Pretty much as far back as I can remember, I’ve had a tendency toward self loathing. I suppose that’s what you’d call it, anyway. I definitely have specific memories of feeling that way as early as elementary school, maybe 3rd grade? I’m not sure if I know the cause of my coming to feel that way, but I think a lot of it had to do with how my peers received me. At least insofar as their perception of me went, I was a dorky kid that often wasn’t really accepted into groups. I remember being a shy kid, but I don’t think I was super shy when I was particularly young. So I’m not sure if my shyness was just sort of innate or if it was something that came about in response to perhaps being seen this way. Also, I can’t really be sure if that is how those other kids really saw me, or if it’s only how I perceived that they saw me. But in either case, that’s where I remember this sort of feeling beginning.

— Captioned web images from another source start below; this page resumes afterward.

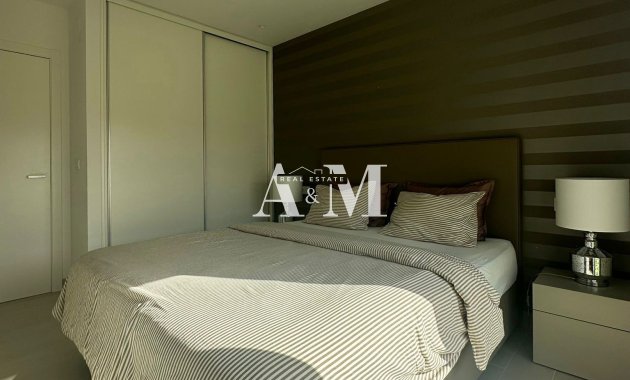 Alquiler a largo plazo - Apartamento / piso - Orihuela Costa - Campos de Golf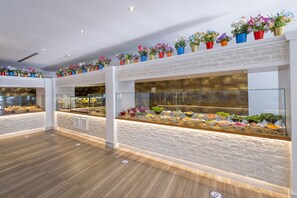 Free daily buffet breakfast - Utopia Beach Club (Alanya)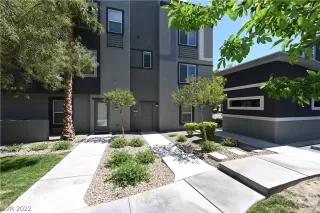 Photo #3: 2387413 Listing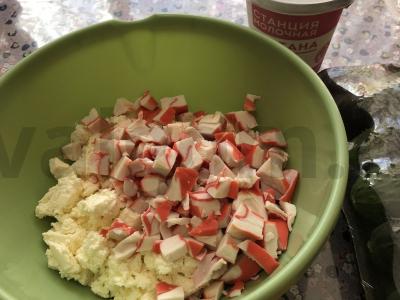 Salotos su varške ir krabų mėsa Žingsnis 3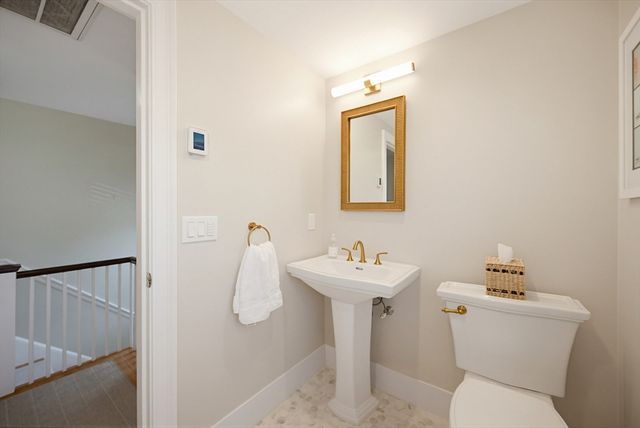 15 Lancaster Rd, Needham, MA 02492
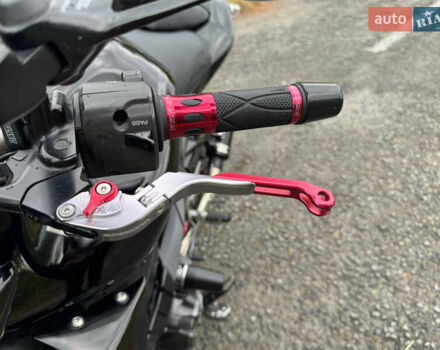 Чорний Кавасакі Z 1000, об'ємом двигуна 1 л та пробігом 28 тис. км за 7750 $, фото 10 на Automoto.ua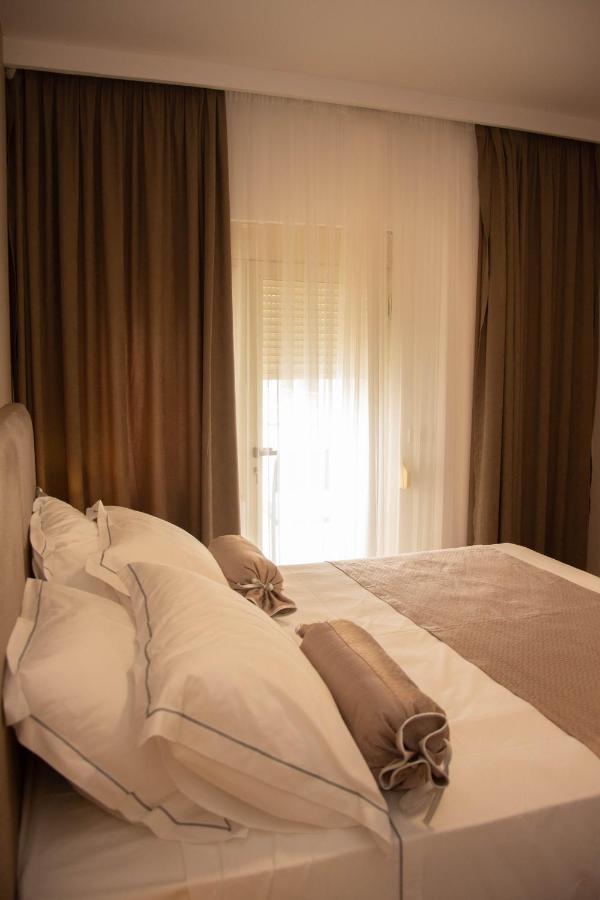 Wave Beachfront Apartments Dıraç Dış mekan fotoğraf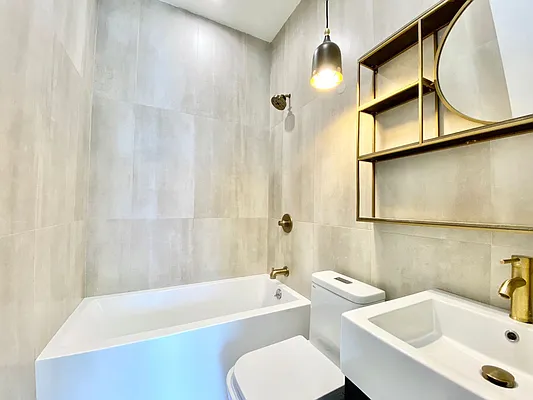 Rented by Doorway NYC, LLC | media 47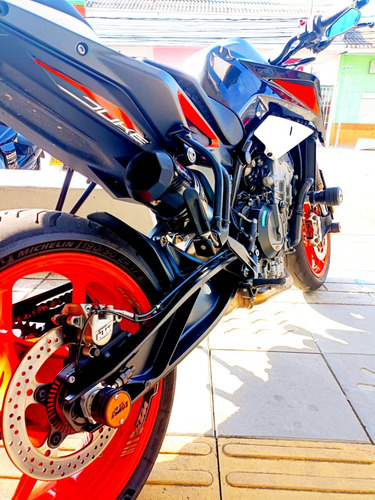 Moto Ktm Duke 790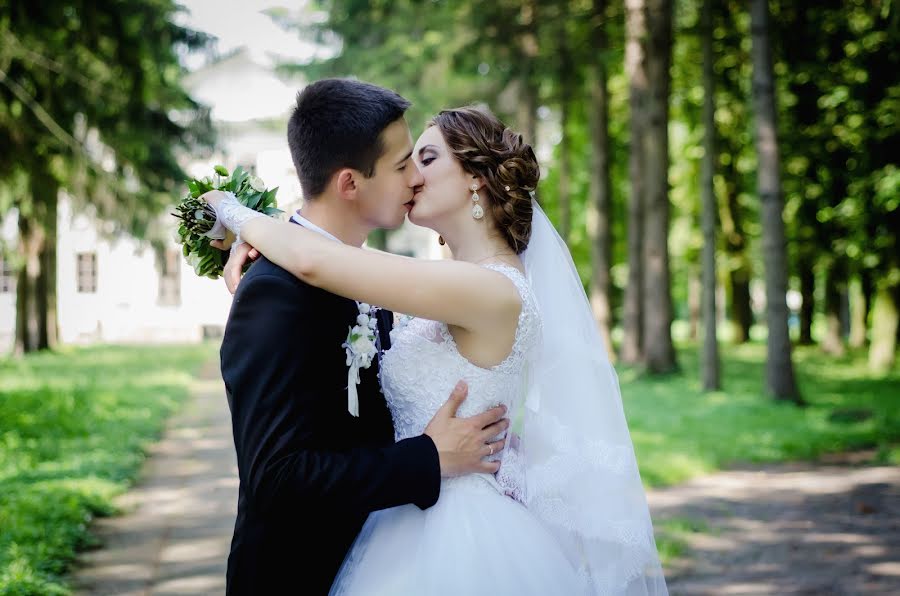 Wedding photographer Nataliya Yakimchuk (natali181). Photo of 30 August 2016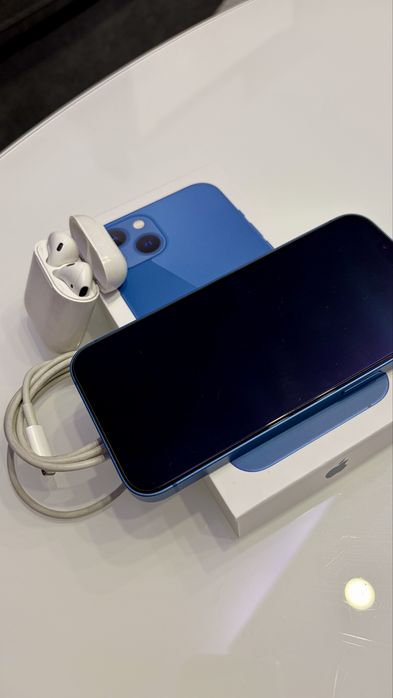 IPhone 13 niebieski 128GB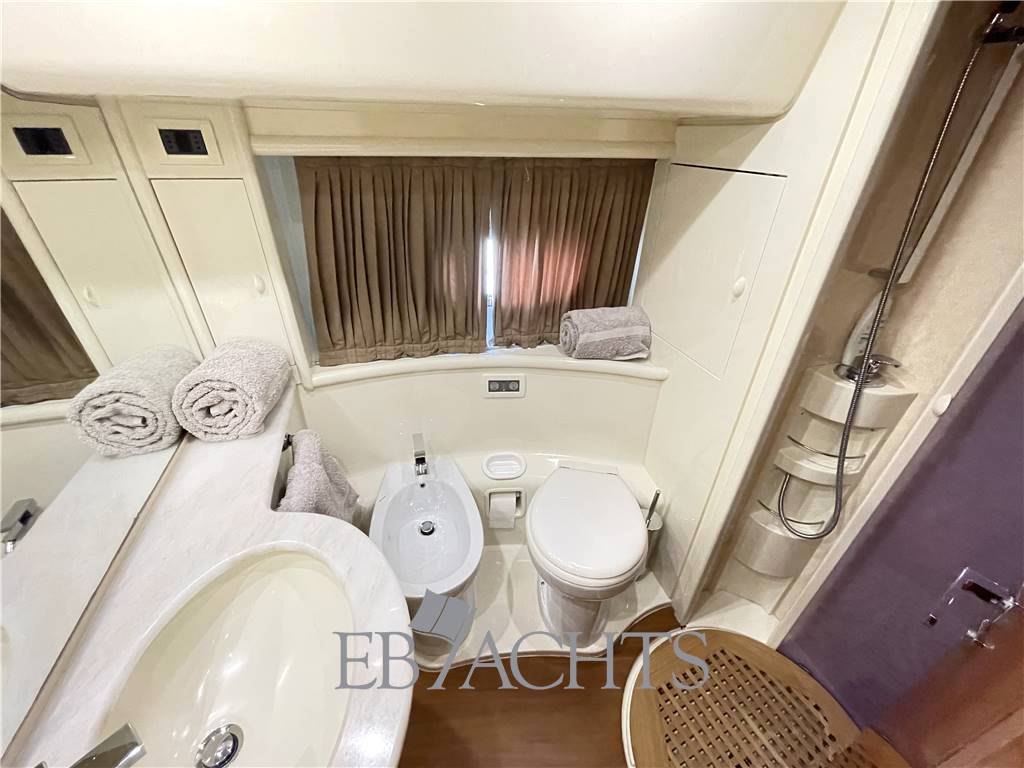 Ferretti yachts 620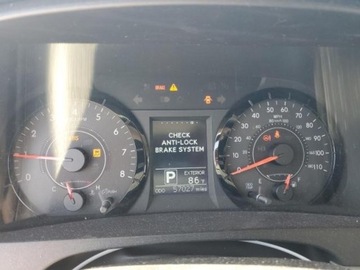 Toyota Sienna III 2017 Toyota Sienna Toyota Sienna L FWD 7-Passenger (Natl) 3.5 Benzyna 296KM, zdjęcie 9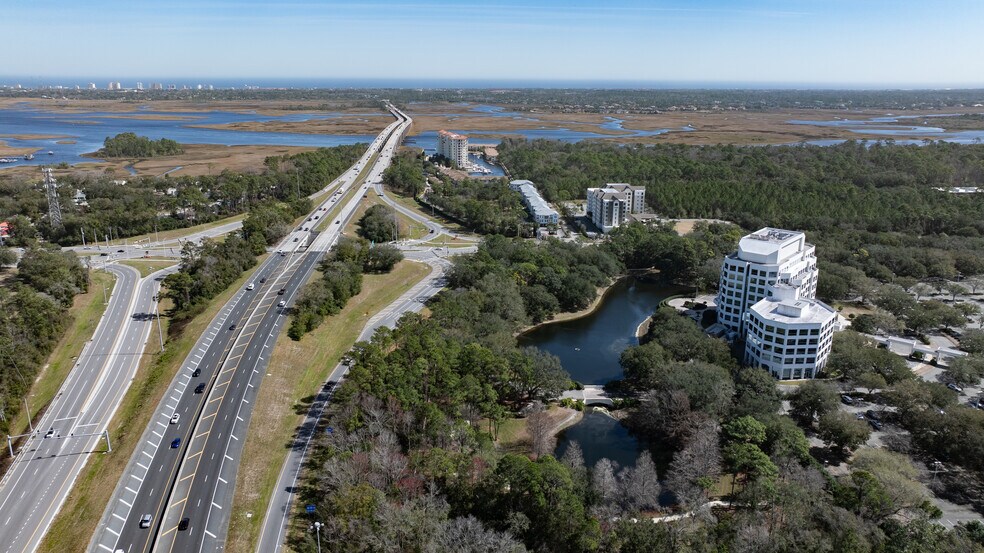 1776 American Heritage Life Dr, Jacksonville, FL for lease - Building Photo - Image 3 of 19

As I got older, I began to feel less shy, sort of through middle school and high school. I still was shy, don’t get me wrong, but I was more able to push through it. That trend continued through college and pretty much the rest of my life. Now, I don’t know what makes most shy people to be shy. But, I’ve often gotten the sense that people see me as an extreme introvert. I don’t really think that’s true. It can sometimes seem true in the way that I act – for instance, I may sit alone at a table if I’m somewhere that I don’t really know anyone. But I at least don’t think that the reason why I would do that could be considered shyness. I’d sit alone essentially because I would believe that if those people were to meet me, they would probably not like me. Sometimes I might continue to assume it even after meeting someone if they are just sort of a casual acquaintance. I mean sure, they tolerate me, but surely they don’t really like me. As you might imagine, having a general assumption that people that you meet will probably not like you is a bit of an obstacle toward forming new relationships.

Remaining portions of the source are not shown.